According to the 2011 census of India, Kottayam district has a population of 1,979,384. This gives it a ranking of 234th in India (out of a total of 640). The district has a population density of 896 PD/sqkm. Its population growth rate over the decade 2001–11 was 1.32%. Kottayam has a sex ratio of 1,040 females for every 1,000 males and a literacy rate of 96.4%. The population in Kottayam includes Hindus (49.81%), Christians (43.48%), and Muslims (6.41%).

== Religion ==

Hindus, Christians and Muslims form a significant part of the population.

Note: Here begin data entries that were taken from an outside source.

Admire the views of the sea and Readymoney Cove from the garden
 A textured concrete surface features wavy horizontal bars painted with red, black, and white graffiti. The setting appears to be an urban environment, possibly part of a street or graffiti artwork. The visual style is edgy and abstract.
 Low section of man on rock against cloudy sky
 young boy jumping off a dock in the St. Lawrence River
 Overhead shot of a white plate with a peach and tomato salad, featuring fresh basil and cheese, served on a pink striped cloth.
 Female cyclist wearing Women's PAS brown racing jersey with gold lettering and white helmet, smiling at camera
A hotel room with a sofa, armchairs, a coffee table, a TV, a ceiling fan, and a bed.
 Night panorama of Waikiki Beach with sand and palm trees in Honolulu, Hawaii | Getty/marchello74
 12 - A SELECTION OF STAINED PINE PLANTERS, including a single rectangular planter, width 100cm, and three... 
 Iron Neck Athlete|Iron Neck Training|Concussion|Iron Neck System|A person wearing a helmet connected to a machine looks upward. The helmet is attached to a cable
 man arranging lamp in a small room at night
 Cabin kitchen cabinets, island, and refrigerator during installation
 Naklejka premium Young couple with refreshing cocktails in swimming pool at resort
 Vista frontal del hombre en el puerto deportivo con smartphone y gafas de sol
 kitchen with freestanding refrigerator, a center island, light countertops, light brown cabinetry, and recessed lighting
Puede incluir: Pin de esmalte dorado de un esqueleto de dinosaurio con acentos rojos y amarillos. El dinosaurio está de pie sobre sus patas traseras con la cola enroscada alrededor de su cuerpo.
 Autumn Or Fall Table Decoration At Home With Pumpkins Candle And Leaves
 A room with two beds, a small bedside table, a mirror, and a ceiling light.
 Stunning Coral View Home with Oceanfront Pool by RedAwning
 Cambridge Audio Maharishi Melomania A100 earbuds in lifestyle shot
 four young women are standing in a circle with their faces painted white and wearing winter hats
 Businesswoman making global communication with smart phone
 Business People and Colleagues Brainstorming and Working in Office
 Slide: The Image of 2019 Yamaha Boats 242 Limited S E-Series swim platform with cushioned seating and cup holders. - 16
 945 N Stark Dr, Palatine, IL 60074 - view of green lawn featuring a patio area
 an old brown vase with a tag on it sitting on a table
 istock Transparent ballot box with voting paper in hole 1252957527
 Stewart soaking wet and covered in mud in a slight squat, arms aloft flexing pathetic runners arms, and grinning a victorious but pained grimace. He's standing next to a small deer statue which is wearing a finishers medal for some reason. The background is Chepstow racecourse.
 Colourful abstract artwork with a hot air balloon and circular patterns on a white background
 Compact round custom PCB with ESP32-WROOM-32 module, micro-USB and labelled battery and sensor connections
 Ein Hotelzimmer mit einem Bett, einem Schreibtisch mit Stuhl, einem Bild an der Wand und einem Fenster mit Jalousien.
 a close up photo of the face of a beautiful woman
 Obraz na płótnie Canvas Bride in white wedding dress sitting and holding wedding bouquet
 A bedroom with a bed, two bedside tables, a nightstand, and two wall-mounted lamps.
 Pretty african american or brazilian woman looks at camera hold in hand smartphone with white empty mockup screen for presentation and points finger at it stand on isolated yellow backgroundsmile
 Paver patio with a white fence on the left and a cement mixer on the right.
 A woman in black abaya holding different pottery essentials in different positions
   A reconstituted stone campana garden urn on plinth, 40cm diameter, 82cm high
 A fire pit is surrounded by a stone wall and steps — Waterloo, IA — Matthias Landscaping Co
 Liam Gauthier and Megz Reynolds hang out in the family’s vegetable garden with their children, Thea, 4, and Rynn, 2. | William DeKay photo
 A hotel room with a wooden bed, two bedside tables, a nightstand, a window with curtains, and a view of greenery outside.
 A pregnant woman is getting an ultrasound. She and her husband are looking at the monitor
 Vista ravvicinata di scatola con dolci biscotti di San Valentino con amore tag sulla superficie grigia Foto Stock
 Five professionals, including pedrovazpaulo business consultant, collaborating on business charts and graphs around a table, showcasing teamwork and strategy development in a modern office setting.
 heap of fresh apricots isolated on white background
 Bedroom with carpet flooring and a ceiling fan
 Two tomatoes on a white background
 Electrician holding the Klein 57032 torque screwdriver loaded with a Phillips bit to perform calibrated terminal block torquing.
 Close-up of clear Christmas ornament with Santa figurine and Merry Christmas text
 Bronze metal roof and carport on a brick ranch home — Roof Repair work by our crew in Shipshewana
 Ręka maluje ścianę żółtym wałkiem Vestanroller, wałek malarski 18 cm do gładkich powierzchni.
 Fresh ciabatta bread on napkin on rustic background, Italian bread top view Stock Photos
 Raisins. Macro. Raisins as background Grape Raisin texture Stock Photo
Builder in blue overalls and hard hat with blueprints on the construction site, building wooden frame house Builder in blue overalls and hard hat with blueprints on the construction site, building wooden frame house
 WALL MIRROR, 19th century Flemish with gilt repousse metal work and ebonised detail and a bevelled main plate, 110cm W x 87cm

In 2011 Indian Census Muslim Population is 6.41%, Hindu 49.81%, Christian 43.48%.
Kottayam, Thiruvalla and Chengannur are the railway stations for pilgrims heading to the Hindu holy site of Sabarimala.

Kottayam is a major center for Saint Thomas Christians in Kerala. Syrian Christians include Syro-Malabar Catholic, Jacobite Syrian Christian Church (Jacobite), Knanaya, Syro-Malankara Catholic, Malankara Mar Thoma Syrian Church, Pentecostals and other members of Malankara Orthodox and Madhya Kerala Diocese of the Church of South India.

According to CDS Data About 54% of Kottayam Christians are Syro-Malabar Catholic, 8.8% are Jacobite Syrian Christian Church (Jacobite), 6.9% are Syro-Malankara Catholic, 5.5% are Malankara Orthodox, 3.4% are Malankara Mar Thoma Syrian Church.
Among Protestant's CSI church is the largest denomination in the district with over 150,000 believers. Protestants in Kottayam include Pentecost churches. A number of old and sacred Christian churches are also located in Kottayam.